Task prompt: All records, exactly as written, minus the pictures: copy them out.

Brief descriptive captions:
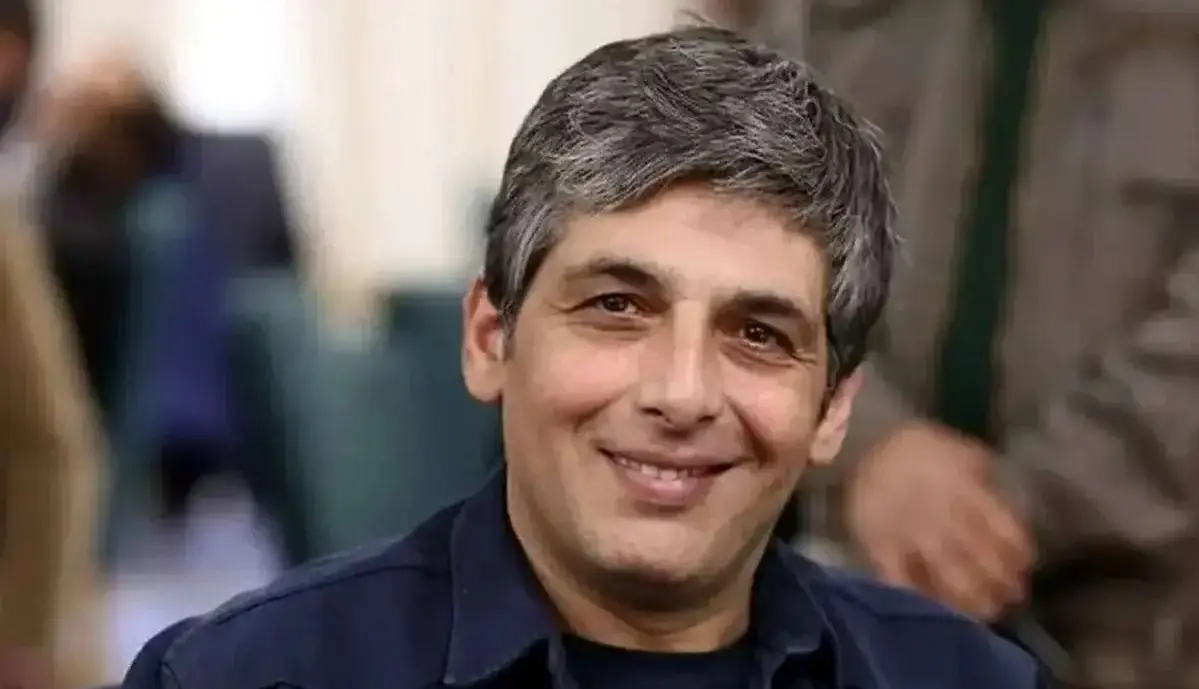 چهره ها/ بازیگر خوش سیمای دهه 80 را بعد سال‌ها ببینید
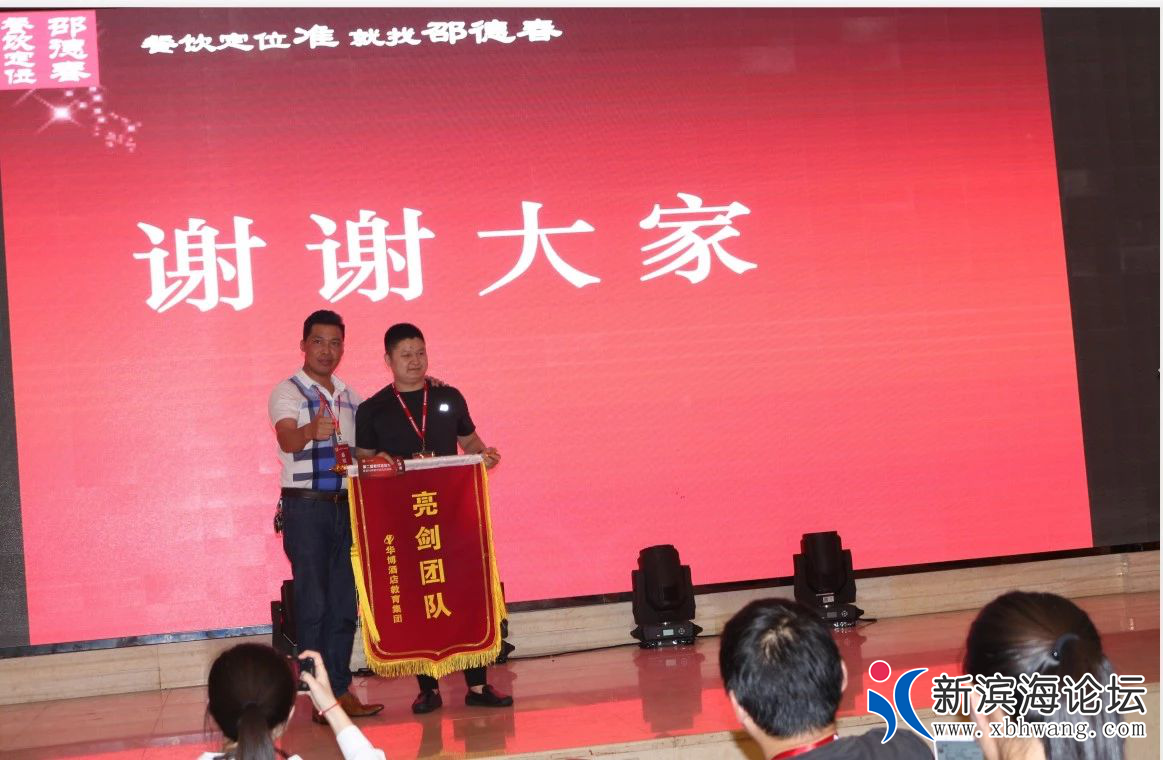 图片20.png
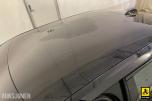 2021 Polestar 2 LRDM AWD HENGERFESTE PANORAMA 360-KAMERA HARMAN/KARDON PIXEL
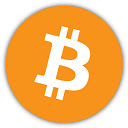 BTC to PLN rate  screen for extension Chrome web store in OffiDocs Chromium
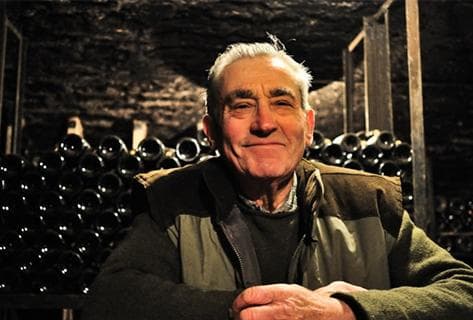 Michel Bouzereau et Fils - 3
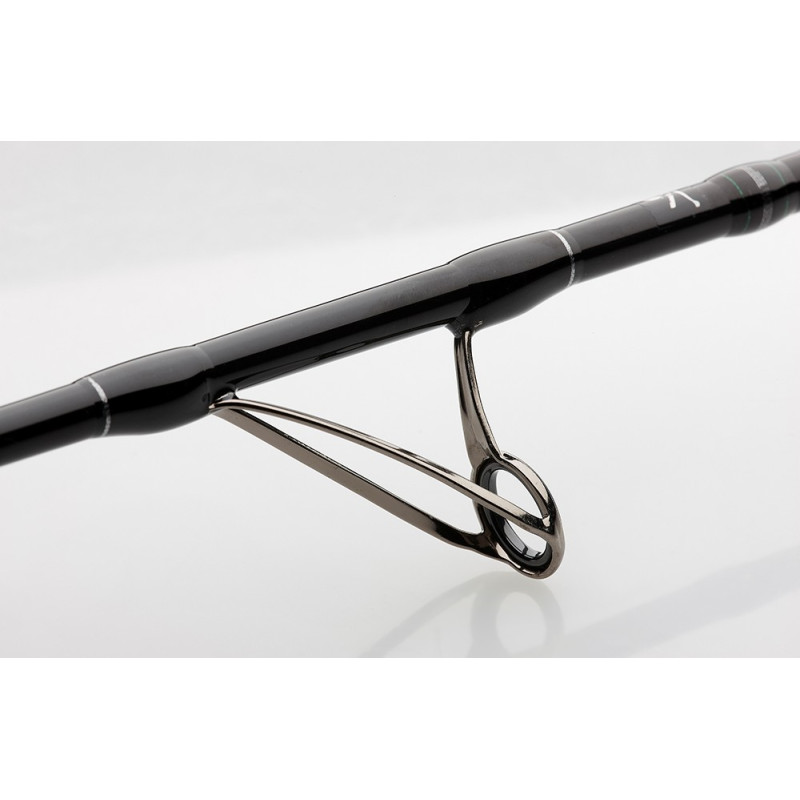 Wędka Madcat Black Vertical 190cm / 150g Wędka Madcat Black Vertical 190cm / 150g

Finished exercise:
 چهره ها/ بازیگر خوش سیمای دهه 80 را بعد سال‌ها ببینید
 图片20.png
 2021 Polestar 2 LRDM AWD HENGERFESTE PANORAMA 360-KAMERA HARMAN/KARDON PIXEL
 BTC to PLN rate  screen for extension Chrome web store in OffiDocs Chromium
 Michel Bouzereau et Fils - 3
 Wędka Madcat Black Vertical 190cm / 150g Wędka Madcat Black Vertical 190cm / 150g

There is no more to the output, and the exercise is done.